- Occupations: Children's writer and illustrator
- Writing career
- Language: English
- Genre: Children's literature
- Notable works: Mona the Vampire and other books in the franchise

= Sonia Holleyman =

British writer and illustrator

Sonia Holleyman is a British author and illustrator of several children's books. She is best known for writing and illustrating the first short stories on which the animated television series Mona the Vampire was based, and for creating this animated series with the Montreal-based Cinar (now WildBrain).
==Biography==
In 1990, Holleyman began the idea of the Mona the Vampire universe in her children's book Mona the Vampire, which was followed by Mona the Brilliant and Mona the Champion. During the mid- to late 1990s, Holleyman was joined by Hiawyn Oram in writing the next six books in the Mona the Vampire series.

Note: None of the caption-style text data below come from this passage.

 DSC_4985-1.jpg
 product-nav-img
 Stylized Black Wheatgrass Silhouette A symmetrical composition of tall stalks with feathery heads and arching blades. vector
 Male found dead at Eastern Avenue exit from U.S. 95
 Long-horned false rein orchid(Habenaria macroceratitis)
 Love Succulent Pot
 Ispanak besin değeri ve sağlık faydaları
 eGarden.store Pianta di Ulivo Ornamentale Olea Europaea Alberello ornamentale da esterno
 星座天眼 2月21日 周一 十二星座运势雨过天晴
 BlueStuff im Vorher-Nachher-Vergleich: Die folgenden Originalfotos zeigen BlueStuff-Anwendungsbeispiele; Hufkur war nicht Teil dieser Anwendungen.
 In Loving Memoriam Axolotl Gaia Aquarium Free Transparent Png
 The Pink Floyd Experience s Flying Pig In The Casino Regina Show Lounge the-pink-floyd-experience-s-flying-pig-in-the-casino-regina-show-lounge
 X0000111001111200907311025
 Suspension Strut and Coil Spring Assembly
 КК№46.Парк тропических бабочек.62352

In 1999, Holleyman created the Canadian animated television series Mona the Vampire, which became even more successful than the books on which it was based.

==Criticism==
A 1993 article in Publishers Weekly described that "Holleyman's illustration style is not unrelated to Babette Cole's: if Holleyman's compositions are slightly less fluid, she shares Cole's penchant for gangly, wide-eyed eccentrics and vibrant colors, and her work, like Cole's, exudes an irresistibly rakish charm."